An overload event is effectively a productive stress that’s been applied to a person and that’s been recovered from and subsequently adapted to. However, there is no discrete overload event you could measure and put on a calendar. You can’t say that if you’re a “novice” then your overload event is one day and you can adapt 48 hours later, because every training session you’re accumulating stress that has not been completely recovered and adapted to. You never completely realize the totality of all the stress and recovery in one single adaptation until much later. The last few sessions of a successful novice progression is effectively the summation of accumulated training stress.

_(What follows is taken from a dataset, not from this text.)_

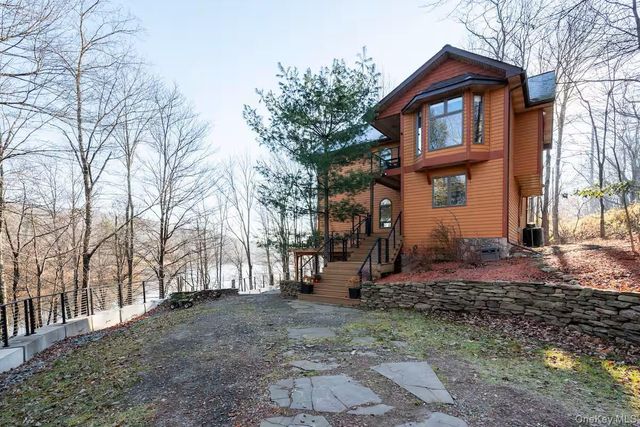 788 Swiss Hill Road N, Jeffersonville, NY 12748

The decay of certain physical adaptations is faster for a novice than somebody who has been training for a longer amount of time. If a novice stops training, he won’t suddenly get so much stronger from all that previously accumulated stress - he hasn’t been training long enough to have enough of accumulated stress to peak. It’s more likely that the novice’s strength will decay, whereas somebody who has been training longer and has a bigger base of stress built up will likely peak and get stronger after a week of lighter training.